In an introduction written for Barry's archival guide, Gary Fountain quotes Bishop's friends saying things like this: "I didn't even know if Elizabeth was American or not," says the great Dostoevsky scholar Joseph Frank. "It wasn't clear because she spoke so much about Nova Scotia"; another friend thought that "she never got over Nova Scotia. Elizabeth was always the slightly Henry Jamesian character in a cosmopolitan atmosphere." This second comment almost comically muddies the question of nationality. The James allusion places a supposed Nova Scotian transplanted to America in the shoes of an American transplanted to Europe; in a curious twist, America has become for a bluenoser what Europe was to a New Englander.
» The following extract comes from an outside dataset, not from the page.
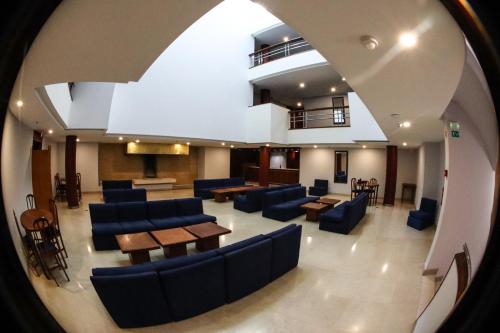 a view of a hospital lobby with blue chairs and tables at Hotel dos Cavaleiros in Torres Novas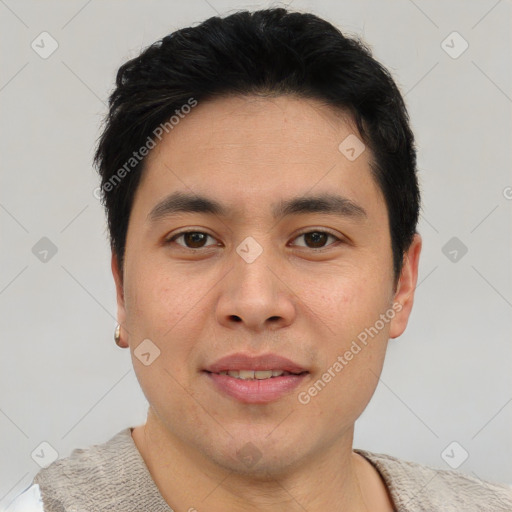 Joyful asian young-adult male with short  brown hair and brown eyes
That way of describing Bishop's emotional loyalties doesn't account for the fact that many Maritimers once felt more continuity with New England than with any part of Canada. (My parents honeymooned in the 1940s in Boston, and I can recall country uncles and cousins in New Brunswick rooting for the Red Sox, tuning into games broadcast from the States. Until the 1960s or so, many Maritimers thought of Boston as their region's major metropolis.)
Peter Sanger, who has written more about Bishop's Maritime connections than anyone except Sandra Barry, warns: "Defensive, dismissive, or possessive chauvinisms, either Canadian or American...have more to do with the nature of those who spread them than with the essences of Bishop's art." If it remains safe to say that Bishop is more usefully considered an American rather than a Canadian poet, she still escapes comfortable categorization-not surprising for someone who lived in Nova Scotia, Worcester, Poughkeepsie, Paris, Key West, Ouro Preto, Rio de Janeiro, San Francisco, Seattle, Mexico, Boston, and North Haven. In the end, the most useful tag for Bishop's cultural-national character remains Lowell's description of her as "Half New-Englander, half fugitive/ Nova Scotian, wholly Atlantic sea-board," reminiscent of her self-description "New-Englander-herring-choker-bluenoser."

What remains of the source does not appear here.